Scientific classification
- Kingdom: Animalia
- Phylum: Chordata
- Class: Aves
- Order: Passeriformes
- Family: Parulidae
- Genus: Geothlypis
- Species: G. poliocephala
- Binomial name: Geothlypis poliocephala Baird, 1865

= Grey-crowned yellowthroat =

- Genus: Geothlypis
- Species: poliocephala
- Authority: Baird, 1865
- Conservation status: LC

Species of bird

The grey-crowned yellowthroat (Geothlypis poliocephala) is a species of bird in the family Parulidae, the New World warblers. It is found from Mexico to Panama.
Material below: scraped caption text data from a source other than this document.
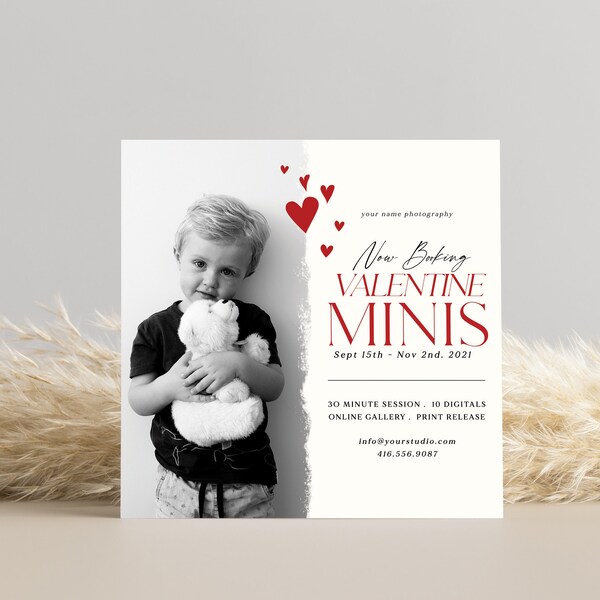 Valentines Mini Session Template, Valentines Minis, Photography Marketing Template, Hearts, PHOTOSHOP Template, INSTANT DOWNLOAD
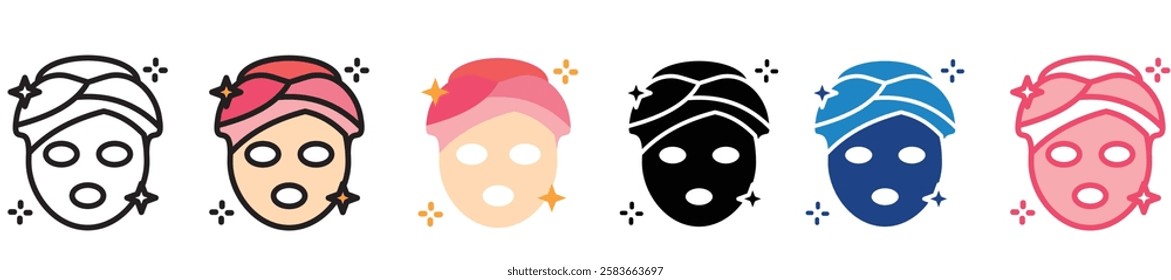 Beauty Mask multi-style color icon, mini or small illustration, use for UI, UX, app and web development, digital or print. for health, beauty, personal care, body treatment.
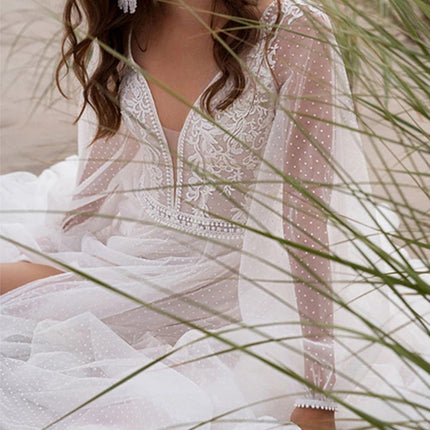 Onbely robe de mariée princesse fendu le côté manches bouffantes bohème boho dress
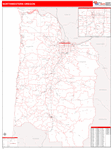 Oregon North Western State Sectional Wall Map Red Line Style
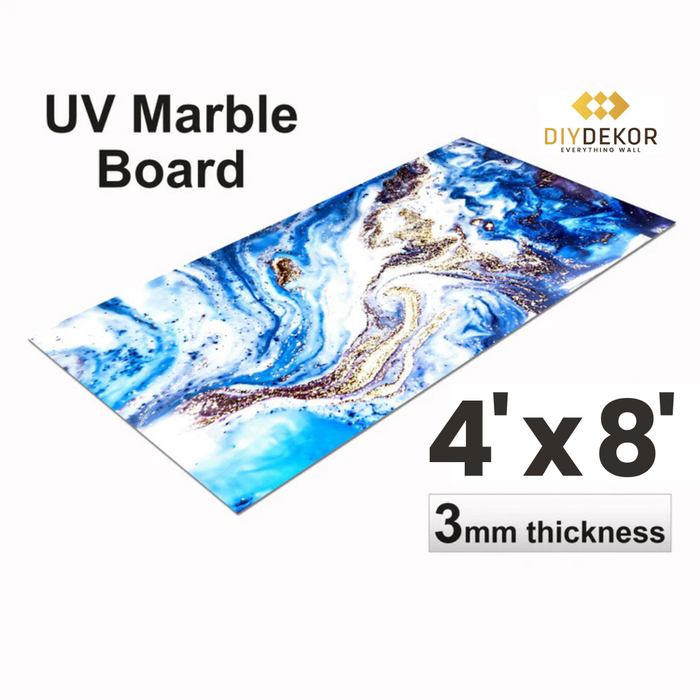 UV Marble Sheets, Oceanic Spectrum 1 Sheet, 4 X 8 Feet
==Taxonomy and systematics==

The black-polled yellowthroat was formally described in 1859 with its current binomial Geothlypis poliocephala. Some authors have placed the species in the monotypic genus Chamaethlypis but genetic data do not support this treatment.

The grey-crowned yellowthroat has these six subspecies:

- G. p. poliocephala Baird, 1865
- G. p. ralphi Ridgway, 1894
- G. p. palpebralis Ridgway, 1887
- G. p. caninucha Ridgway, 1872
- G. p. icterotis Ridgway, 1889
- G. p. ridgwayi (Griscom, 1930)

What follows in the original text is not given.